Given these remarks indicating that access to Mulvaney’s office was essentially for sale, and the hot water that Equifax is in, it’s important to note thatEquifax had previously donated to Mulvaney’s campaign for Congress. Since ascending to the role of CFPB acting director, the former South Carolina Congressman has been attempting to dismantle the protections put in place for consumers when the agency was created in the aftermath of the 2008 financial crash. One resource that Mulvaney has been particularly keen on eliminating is the consumer complaint database, which tallies how many complaints have come in on a particular financial company. The company with the most complaints in this database is Equifax.
While many of the complaints have come in since the data breach, Equifax has been lobbying on the database since 2014. In that year, the CFPB proposed publishing the consumer narratives that correspond with the complaints and Equifax began lobbying against that proposal. In 2016, while still in Congress, Representative Mulvaney introduced a bill that would restrict the CFBP’s efforts to make the consumer complaint narratives public. That year, records show that Equifax lobbied the CFPB on the database and the U.S. House of Representatives on Mulvaney’s bill (of which he was the sole sponsor). Since Mulvaney left Congress and took up his duel posts at the CFPB and OMB, Equifax has lobbied both agencies.
One could dismiss the story of Equifax and Mulvaney as one of circumstantial evidence, but the story of corruption in America is not typically one of direct bribes, but one of webs of influence spun between companies, trade associations, and their lobbyists where financial links are hard to trace and conversations impossible to prove. What is sure is that corporate executives are getting what they want out of the process- higher profits and less accountability.
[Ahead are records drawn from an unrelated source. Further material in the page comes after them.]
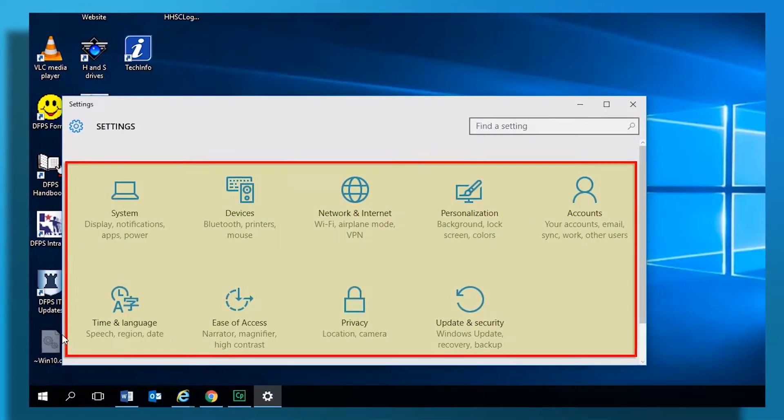Similar to Windows 7, Search helps you find programs and files. You can type the name of an application or file and select from the list that displays. For security reasons, our agencies don't use the Cortana search feature.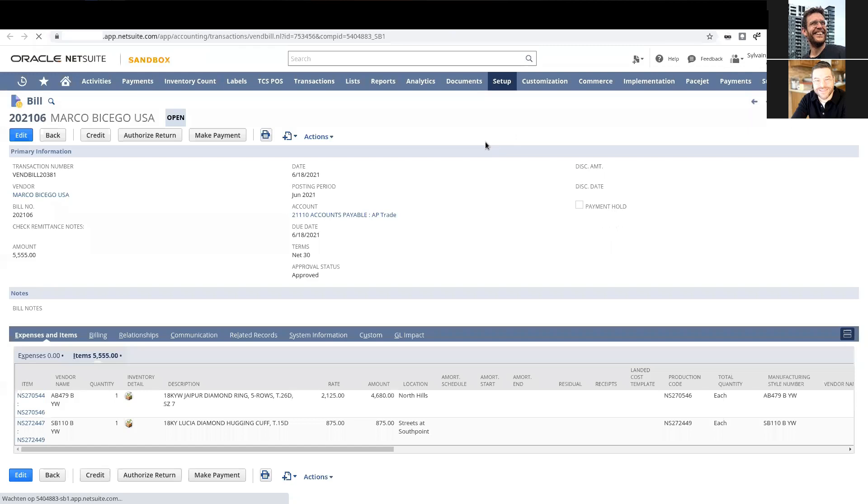This one did get billed at the PO price and this one, there's a difference and you can see those two lines in the expense. What we're doing is we're reducing cost of goods sold because in this scenario, the price has gone down.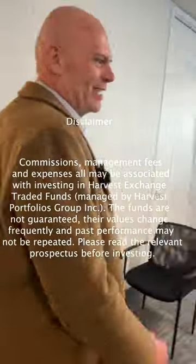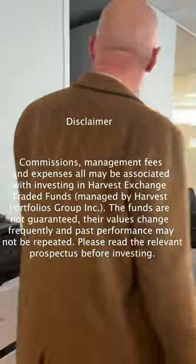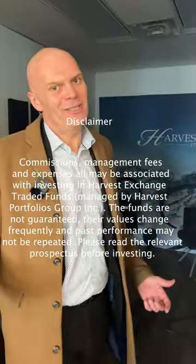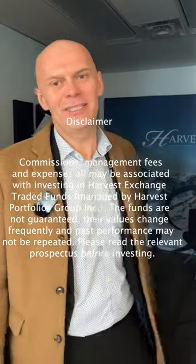There you have it folks. Want to learn more about HUTL — Harvest Equal Weight Global Utilities Income ETF? Click the bio to learn more. Like and follow us for more content.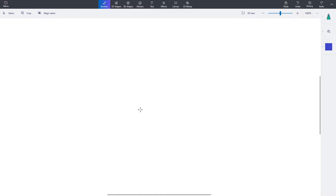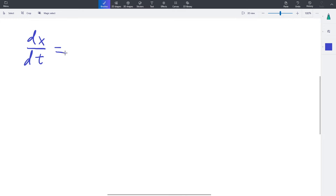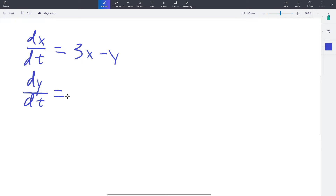Hello everyone, welcome back to another differential equations video. This time I will be solving a homogeneous system of differential equations. The system is: dx/dt equals 3x minus y, and dy/dt equals 9x minus 3y.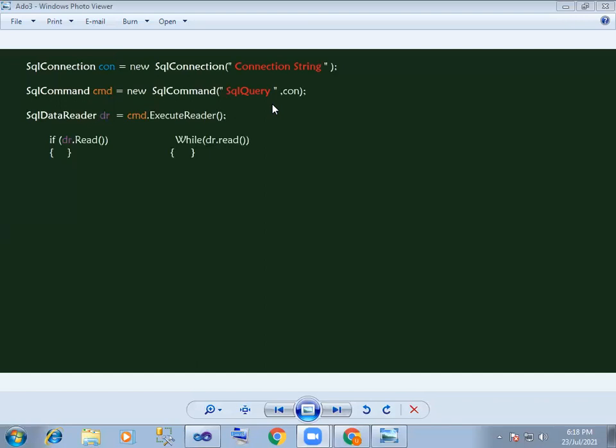That means a single value. If dr.read returns a single value once, then call the value. So this is the condition with if dr.read.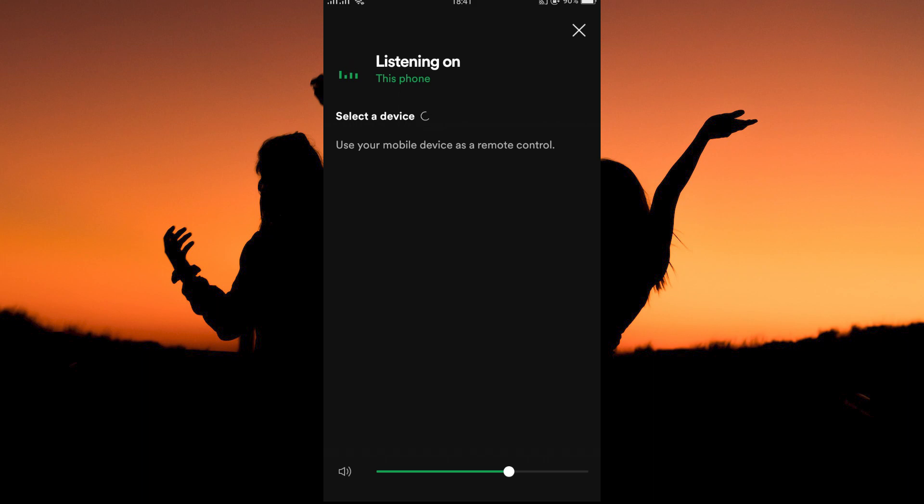And that is how to connect to a device on Spotify. Thank you for watching. If this video was helpful, please leave a like and subscribe to my channel for more videos like this and click on that notification bell to never miss an update.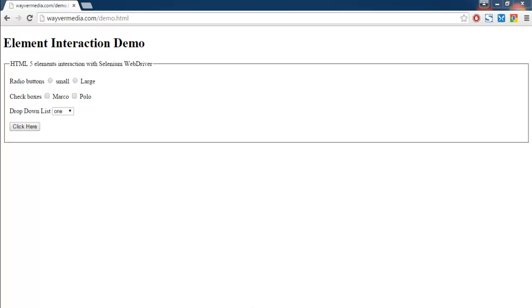Hi there, in this video I'm going to show you how to click on a checkbox with the help of Selenium Java WebDriver. So I have this sample web page where I have radio buttons, checkboxes, drop-down list, and a button.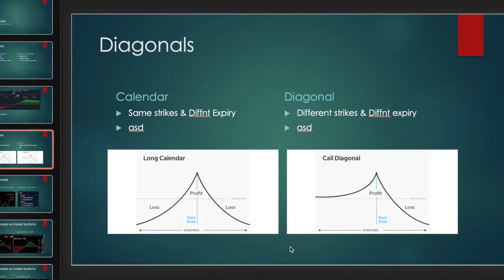Hello traders, we're going to quickly cover diagonals today — not so much the how-to's and the theory behind diagonals. We're actually just going to jump into an example trade before the actual time spread video that I'm going to be posting next month. A diagonal profit chart looks somewhat like this chart here on the right, and we're always going to be comparing those when we talk about time spreads to the calendars. The only difference is that diagonals are skewed in one or the other direction just a little bit.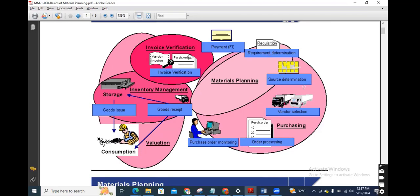There are two types of planning. Also, if we have master data like a source list defined, then we can do automatic source determination during the material planning. The two specific subprocesses in material planning are: what is the requirement determination by the material planning, and what will be the source determination — meaning what is the source of supply, such as a contract.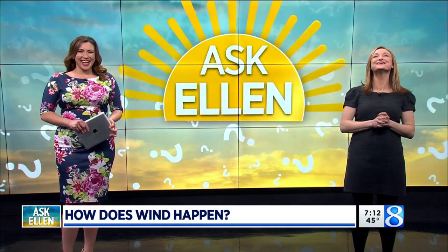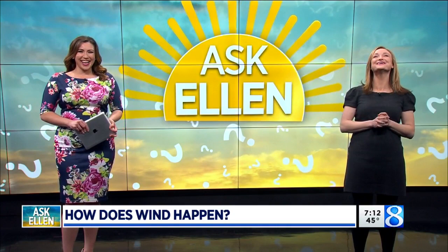Today's question is from Chip. Hi Ellen, how do we happen? I cannot handle it. It's adorable. Chip, thank you so much for your question.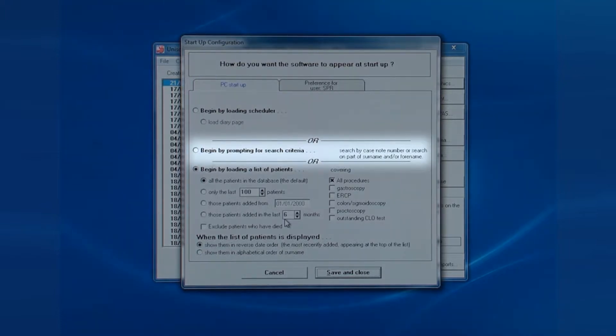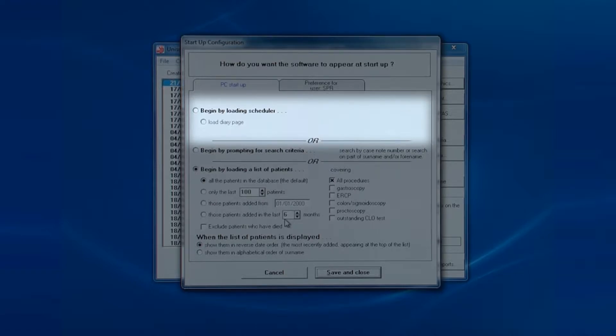If you have the scheduler enabled, you will see this option. You can automatically have the diary page for today being displayed for endoscopists to work off their work list.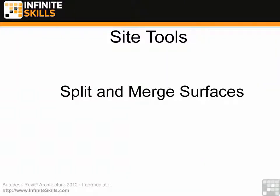We're still working on the Revit site file that we're making, and we're looking at the site tools. Right now we're going to look at split and merge surfaces.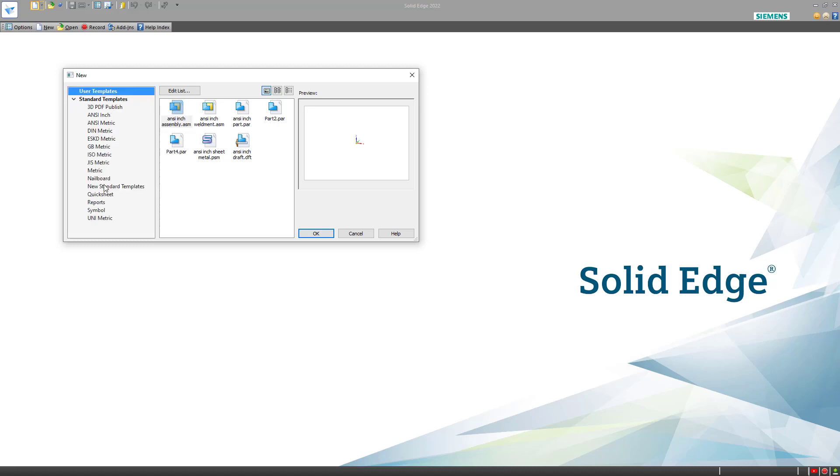And remember that I added the new standard templates folder, which has its own templates within it. Each one of these standards has a set of templates that conform to that standard.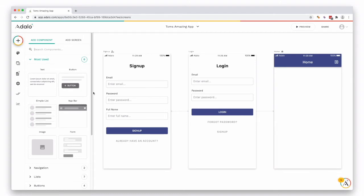On the left hand side you have a component menu. You can see the add component is underlined. You also have a search component if you know what you're looking for, then you have an add screen which we're going to cover later.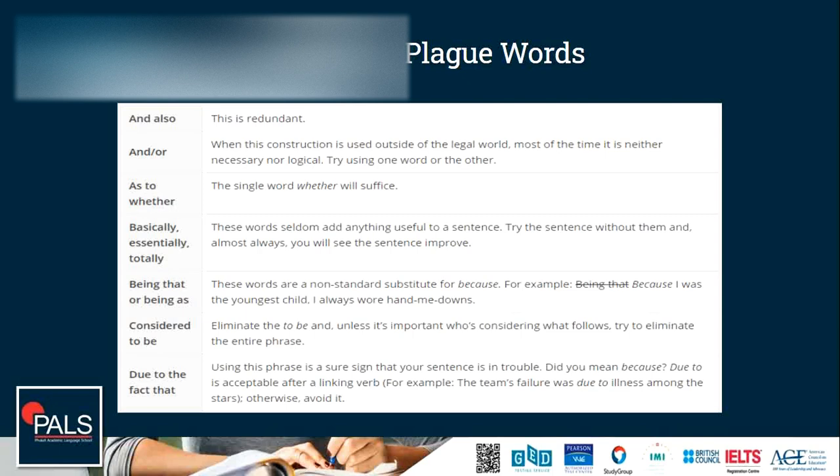'And/or' — when this construction is used outside of the legal world, most of the time it is neither necessary nor logical. Try using the word 'or' or 'the other.' Sometimes we see them in legal papers or instruction materials, but when we're writing an important essay paper like the GED test for RLA, we don't use these two words together.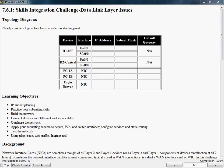Hi everyone, Scott here again. In this video, we're going to be taking a look at Cisco Packet Tracer 7.6.1.3 The Skills Integration Challenge Data Link Layer Issues.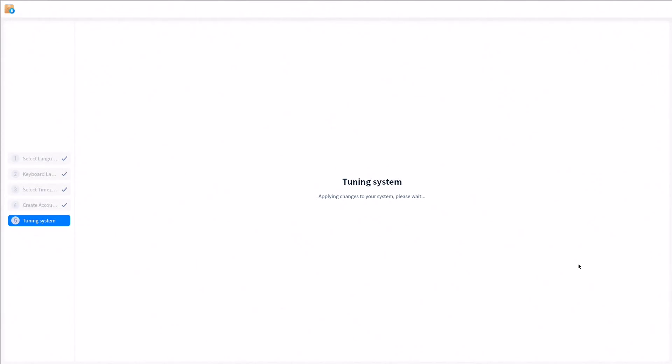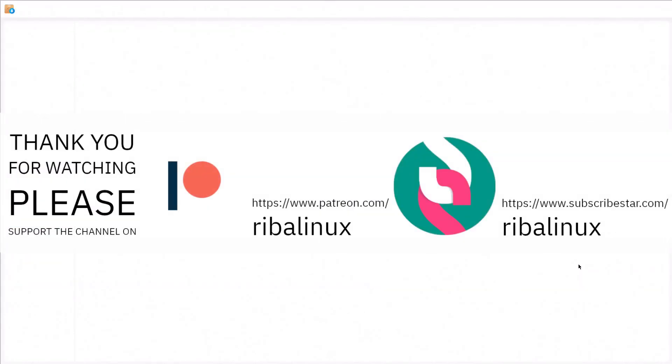Thank you for watching the video and please help the channel by sharing, leaving a like, and subscribing. Thank you.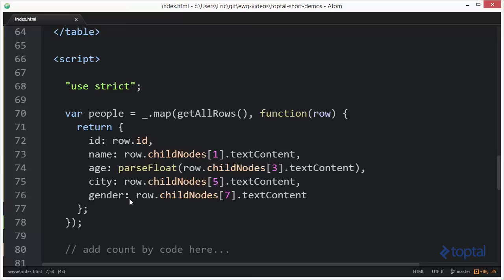So for example if I've got five rows and one of the properties for each row is color and I have five rows of the same color then my count by would be five because I would have five with that same color.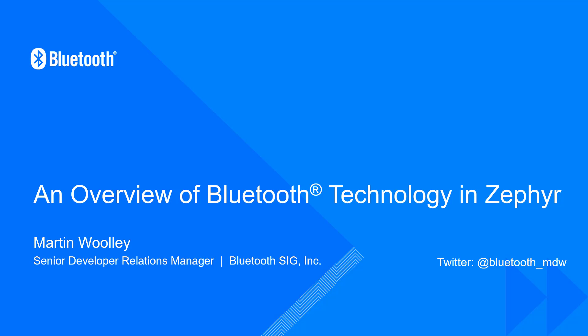Hello, I'm Martin Woolley from the Bluetooth Special Interest Group, the standards organization behind Bluetooth technology.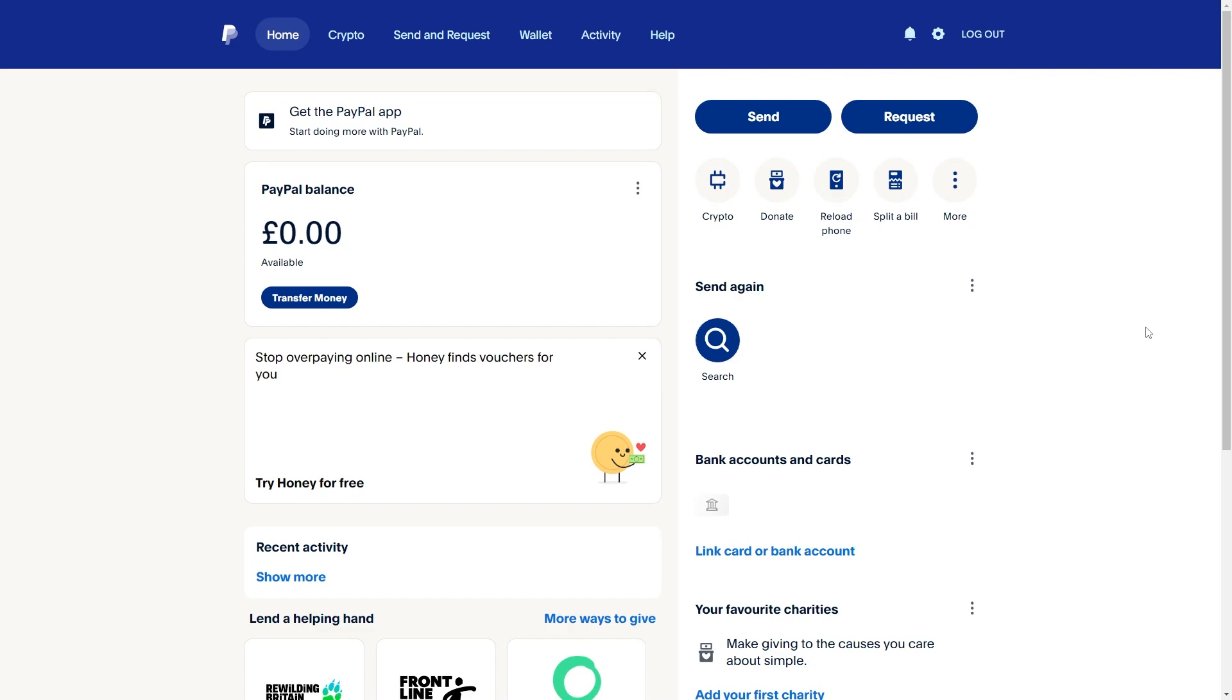In this video I'll be showing you how to link Payoneer to PayPal. This is a very quick and simple thing to do, so make sure you watch this video all the way to the end so you don't miss any important steps.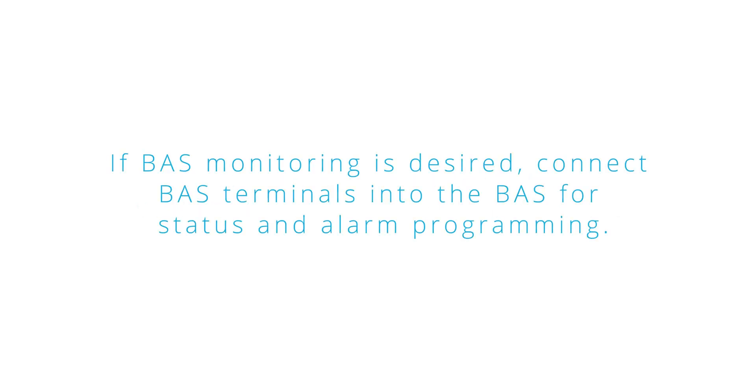If BAS monitoring is desired, connect BAS terminals into the BAS for status and alarm programming.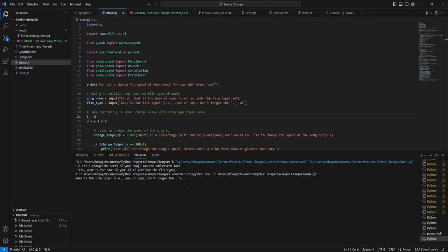This program is a speed changer for audio files and it can add reverb. So essentially you can make slow and reverb or sped up versions of any songs that are mp3 or WAV files.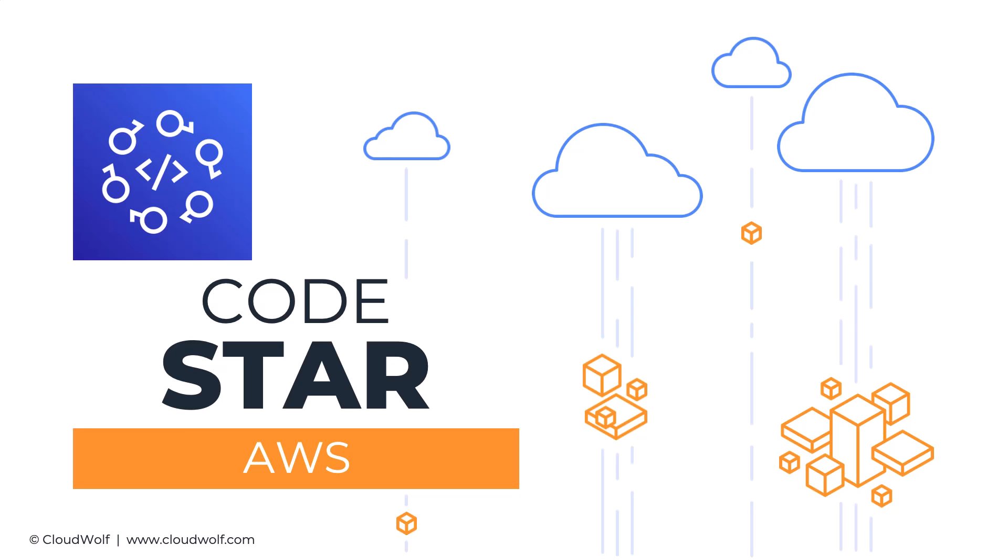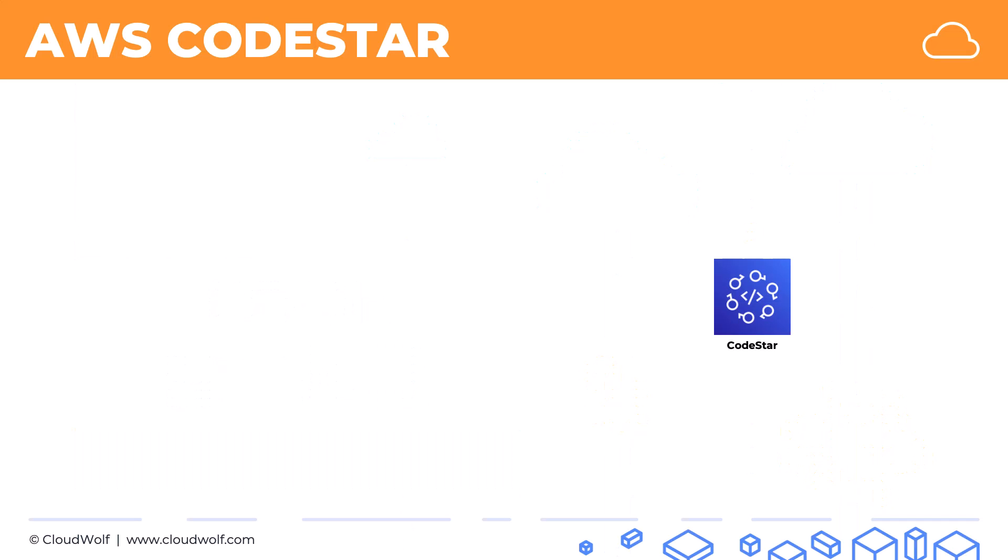Well, CodeStar is slowly approaching the wrapping up of the developer tools and let's have a look at what it's all about.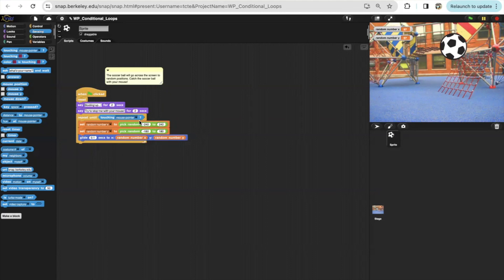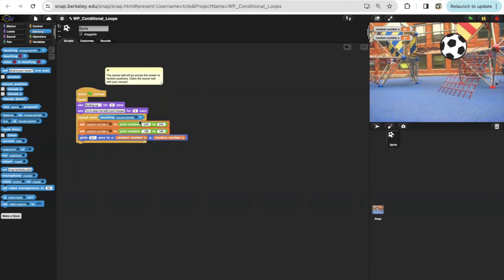And why do I use conditional loop instead of a finite repeat? Because we are not sure when we'll actually touch the soccer ball. So we'll say that until we actually touch the soccer ball, which is the condition, then we should stop.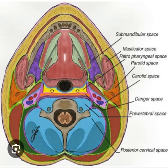Retropharyngeal space. Located between the visceral division (buccopharyngeal) of the middle layer and the alar fascia of the deep layer. Extends from the skull base to the mediastinum at the tracheal bifurcation. The space is fused down the midline, so abscesses are unilateral and primarily seen in children.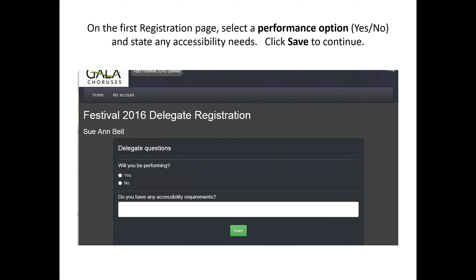On the registration page you're going to see a couple of questions. One asks: 'Will you be performing?' Yes or no. This helps sort out individuals who choose to register as delegates — they may be partners who are planning to attend enough chorus blocks and other events that it's a better financial option to be a delegate rather than purchasing single tickets. There is also a question: 'Do you have any accessibility requirements?' We will have an accessibility coordinator as we did in 2012, and we will provide that information to them so we're prepared to deal with whatever anyone's accessibility needs are.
Given the power that election spending has to get your foot in the door with elected officials, it’s an affront to our democracy that a lot of election spending is secret. Because of the lobbying disclosure laws that are already on the books we have some picture of how companies attempt to influence policy, but election spending can be much harder to track, especially when it goes through secretive conduits like the trade associations or politically active nonprofits. Companies and special interests can donate to trade associations or politically active nonprofits that spend money to influence elections and those donations do not need to be disclosed. Equifax in particular claims that it fully discloses, but will not share whether it makes payments to trade associations or politically active nonprofits to influence elections on the company’s behalf. It’s time for the company to take responsibility and support shareholders calling for increased transparency and accountability. If you are a shareholder in Equifax, take action and vote in favor of the political spending disclosure proposal. If you’re a consumer, it’s critically important to raise your voice and call on Equifax to be transparent. Even more importantly, in order for American democracy to survive, the cycle of secret influence and pay- to- play politics must come to an end.